- Opening Delimiter -
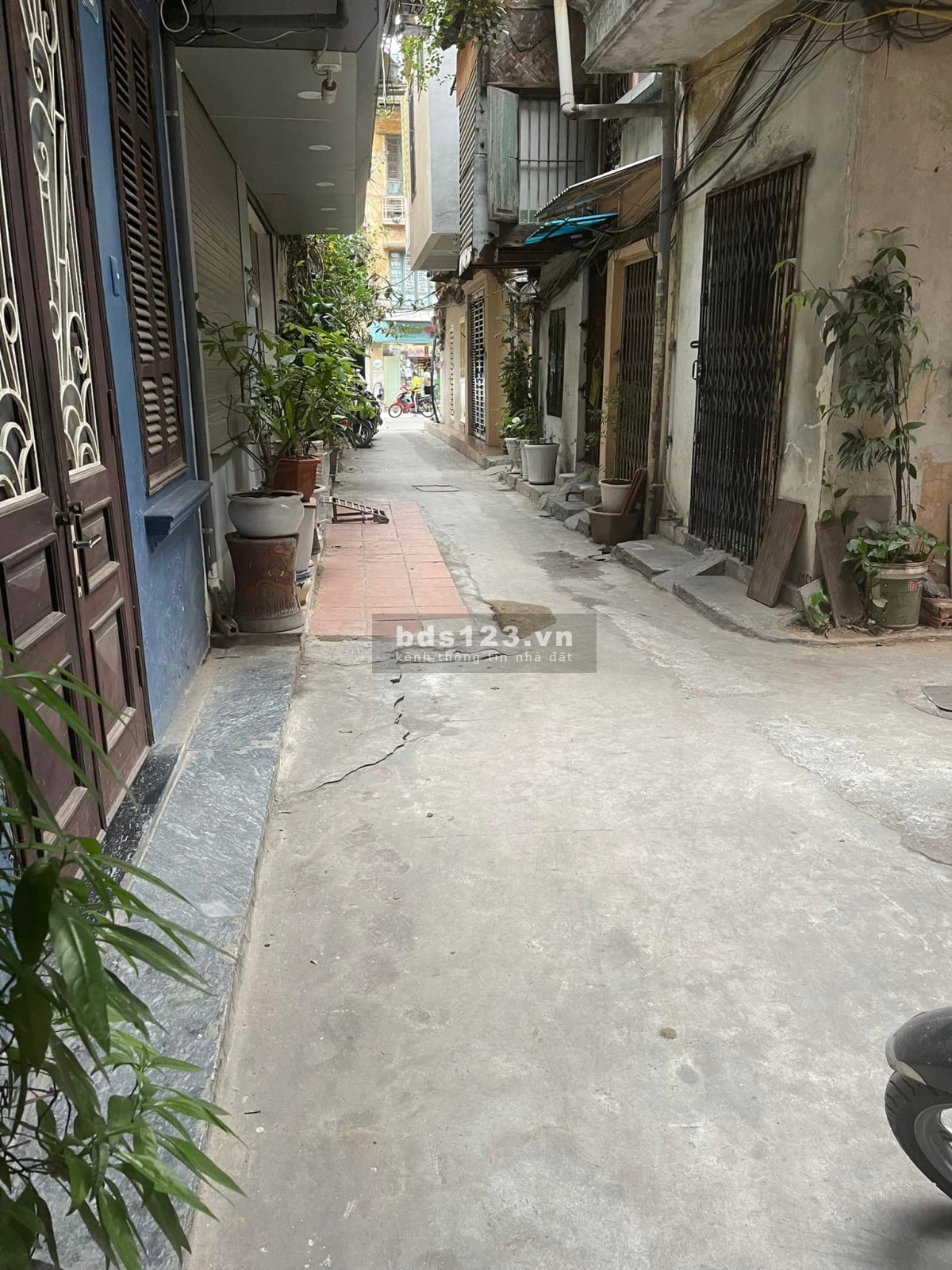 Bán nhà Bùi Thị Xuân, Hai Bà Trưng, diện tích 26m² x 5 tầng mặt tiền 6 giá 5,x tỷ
- Closing Delimiter -
- Opening Delimiter -
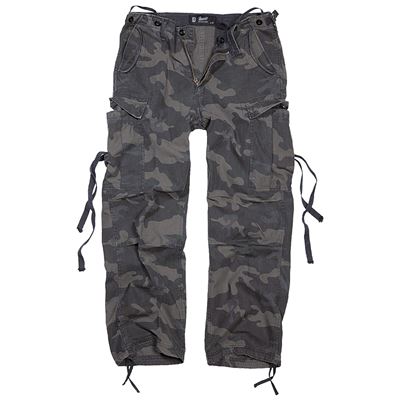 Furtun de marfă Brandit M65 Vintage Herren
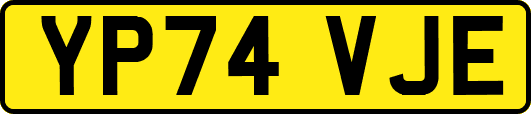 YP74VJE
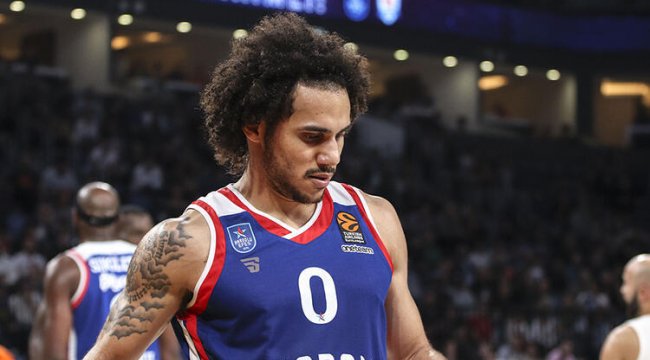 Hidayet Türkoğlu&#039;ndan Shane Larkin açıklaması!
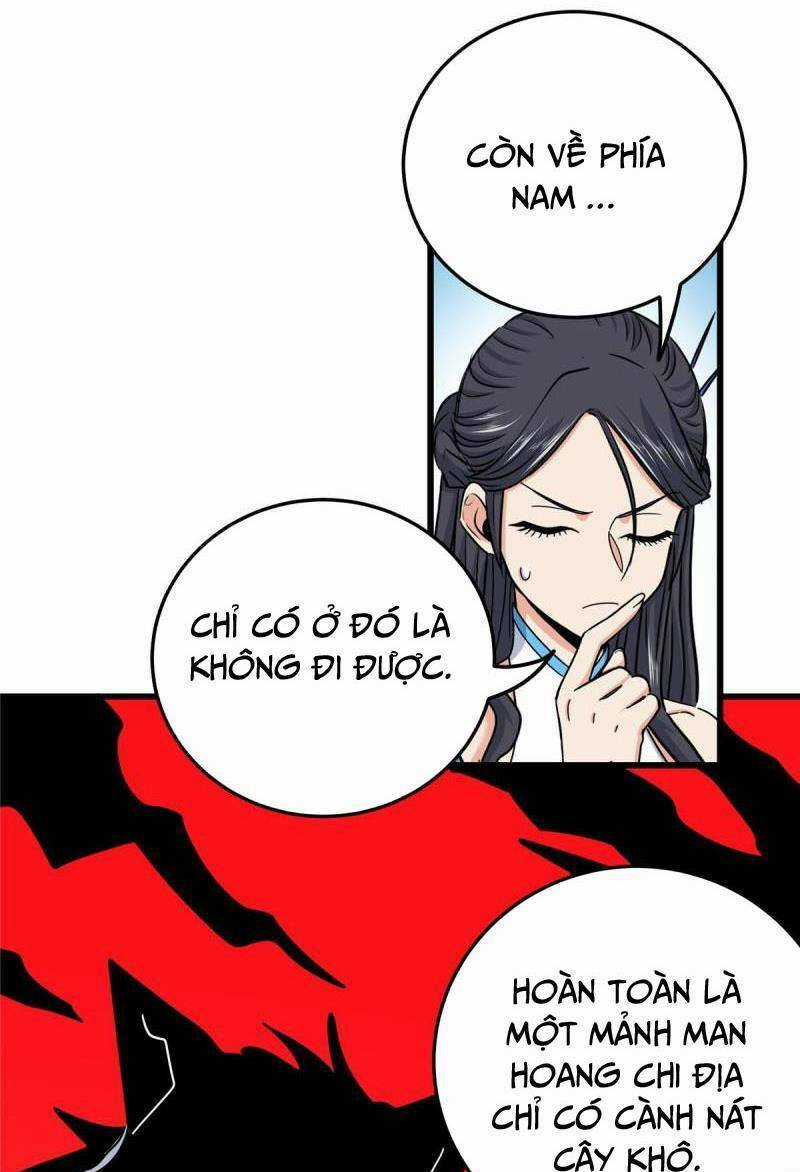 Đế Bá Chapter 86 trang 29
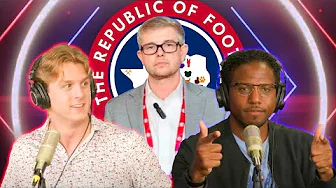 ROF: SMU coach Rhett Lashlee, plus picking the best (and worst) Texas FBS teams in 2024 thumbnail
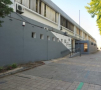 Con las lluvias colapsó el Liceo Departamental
- Closing Delimiter -
• _WORK TO BE COMPLETED_: What are the lines in the records above, word for word, from the one containing "ROF: SMU coach" through the one containing "Con las lluvias", both ends included and pictures left out?

• _FINISHED TASK_:
 ROF: SMU coach Rhett Lashlee, plus picking the best (and worst) Texas FBS teams in 2024 thumbnail
 Con las lluvias colapsó el Liceo Departamental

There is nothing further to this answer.